He broke it off and studied me with a warm, yearning distance of about an inch between us. "You should rest." His breath moved over me like his touch. His voice vibrated inside me, deep inside. I resonated to his sound, his touch, everything about him.

Rest was just about the farthest thing from my mind. "Later," I promised breathlessly, and swayed toward him. Our lips brushed, lingered, slid away.

Teasing. "Maybe I need to relax first," I murmured. Another gentle slide of our lips, not quite a kiss. "Maybe I need to spend a long … time … relaxing."

And unspoken, we were both thinking that somewhere out there Jonathan was lurking. Maybe focusing his attention on us. There was no hiding from him.

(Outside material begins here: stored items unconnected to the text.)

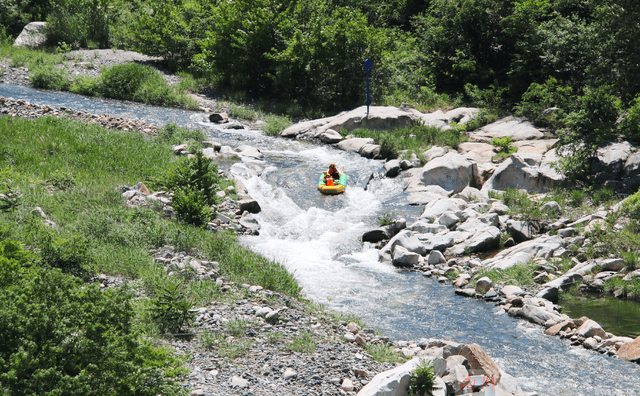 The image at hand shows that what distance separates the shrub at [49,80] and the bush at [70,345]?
2404 centimetres

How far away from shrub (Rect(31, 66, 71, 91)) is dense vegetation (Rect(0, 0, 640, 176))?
520cm

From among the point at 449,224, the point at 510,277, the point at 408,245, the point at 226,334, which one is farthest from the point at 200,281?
the point at 449,224

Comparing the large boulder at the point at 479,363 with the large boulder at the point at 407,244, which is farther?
the large boulder at the point at 407,244

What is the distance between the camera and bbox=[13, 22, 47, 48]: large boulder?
31984 mm

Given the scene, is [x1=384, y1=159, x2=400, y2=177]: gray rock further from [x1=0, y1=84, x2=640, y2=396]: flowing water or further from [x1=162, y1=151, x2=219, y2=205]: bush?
[x1=162, y1=151, x2=219, y2=205]: bush

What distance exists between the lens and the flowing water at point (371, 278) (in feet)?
24.6

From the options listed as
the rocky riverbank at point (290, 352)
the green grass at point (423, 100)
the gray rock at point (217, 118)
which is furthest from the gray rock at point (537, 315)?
the gray rock at point (217, 118)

David's eyes were brilliant, molten copper, and his skin was a hot inhuman gold, and he was beautiful, beautiful, beautiful.

"A long time," he whispered, and we were breathing the same intoxicating air, living in each other's space, each other's skin. He was hot enough to melt me.

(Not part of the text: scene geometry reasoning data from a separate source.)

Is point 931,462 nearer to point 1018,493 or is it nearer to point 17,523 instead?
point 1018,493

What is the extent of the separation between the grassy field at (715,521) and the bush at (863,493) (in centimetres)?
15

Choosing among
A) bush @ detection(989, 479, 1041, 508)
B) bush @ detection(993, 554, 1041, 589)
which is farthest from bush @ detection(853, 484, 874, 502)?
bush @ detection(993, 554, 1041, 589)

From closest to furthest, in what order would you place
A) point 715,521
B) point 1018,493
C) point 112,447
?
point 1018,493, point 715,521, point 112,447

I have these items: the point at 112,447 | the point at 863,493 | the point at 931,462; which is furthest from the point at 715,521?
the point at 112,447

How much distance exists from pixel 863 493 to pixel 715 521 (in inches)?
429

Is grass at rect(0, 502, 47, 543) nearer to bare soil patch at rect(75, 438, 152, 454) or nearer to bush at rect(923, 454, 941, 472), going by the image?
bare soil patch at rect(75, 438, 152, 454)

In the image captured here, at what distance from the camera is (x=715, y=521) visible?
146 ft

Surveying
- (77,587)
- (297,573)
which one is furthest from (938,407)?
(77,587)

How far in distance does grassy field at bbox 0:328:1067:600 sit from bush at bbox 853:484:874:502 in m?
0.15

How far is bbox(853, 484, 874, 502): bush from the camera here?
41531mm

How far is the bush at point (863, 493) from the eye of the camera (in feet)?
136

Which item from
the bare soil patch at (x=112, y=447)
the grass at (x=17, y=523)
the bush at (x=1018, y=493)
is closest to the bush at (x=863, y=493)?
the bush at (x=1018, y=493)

"Yes. I think maybe that's a very good idea."

He picked me up and carried me to the bed, and for a long, long, long time, Jonathan and the crappy motel décor and the world waiting to destroy us beyond the door ceased to matter.


###

I woke up and it was dark and quiet outside, just a low plaintive moan of wind

rattling the big windows. I rolled over on my side, instinctively searching for David's warmth — the night had gotten cold, the way the desert does once the sun disappears — but he wasn't there.

Wasn't anywhere.

I sat up slowly, listening, but there was no sound in the room except for a low, slow drip of water from the tap in the bathroom. The clock showed me a dim glow that, when I squinted and blinked, read 3:27 a.m.

I got up, found clean underwear and some not-to-badly-wrinkled rolled up blue jeans and a knit shirt in my bag, toed on shoes and walked outside into the still, chill night.

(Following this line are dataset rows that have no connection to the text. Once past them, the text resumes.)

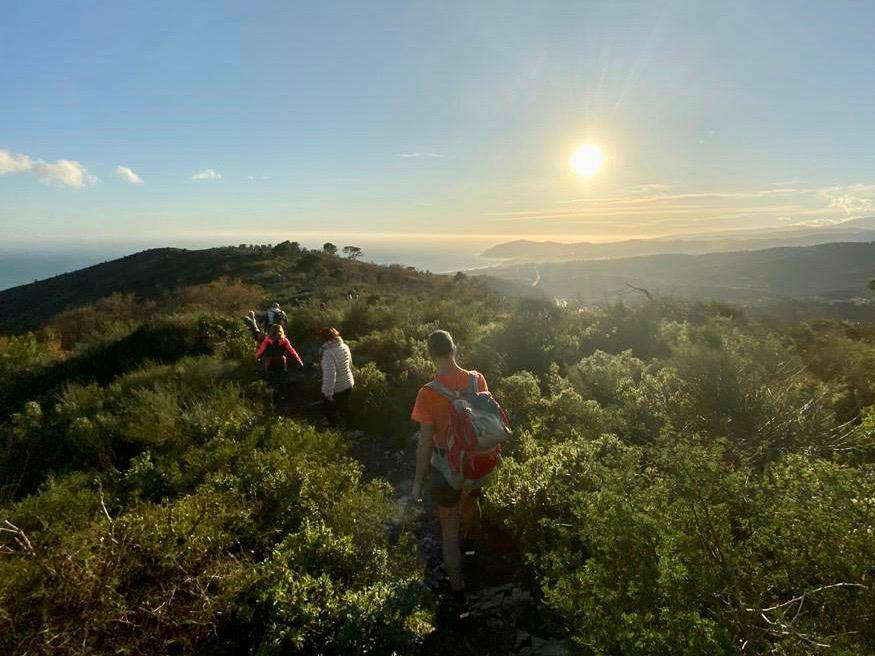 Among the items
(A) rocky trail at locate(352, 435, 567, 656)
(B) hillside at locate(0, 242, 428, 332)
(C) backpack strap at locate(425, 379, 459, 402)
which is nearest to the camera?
(A) rocky trail at locate(352, 435, 567, 656)

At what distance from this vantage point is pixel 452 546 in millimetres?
3764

The sky was unbelievable. Clear from horizon to horizon, a black bowl crowded with stars. I stopped, staring, and craned my neck back to get the full effect.

Dizzying. I breathed in deep and felt clean, cold air fill my lungs. I wished I was an Earth Warden, because this seemed to be a place where having a connection to the land would be amazing … even dull as I was to that side of things, I could feel a kind of power here, a slow, strong pulse that made me want to lay down on the ground and let it flow through me.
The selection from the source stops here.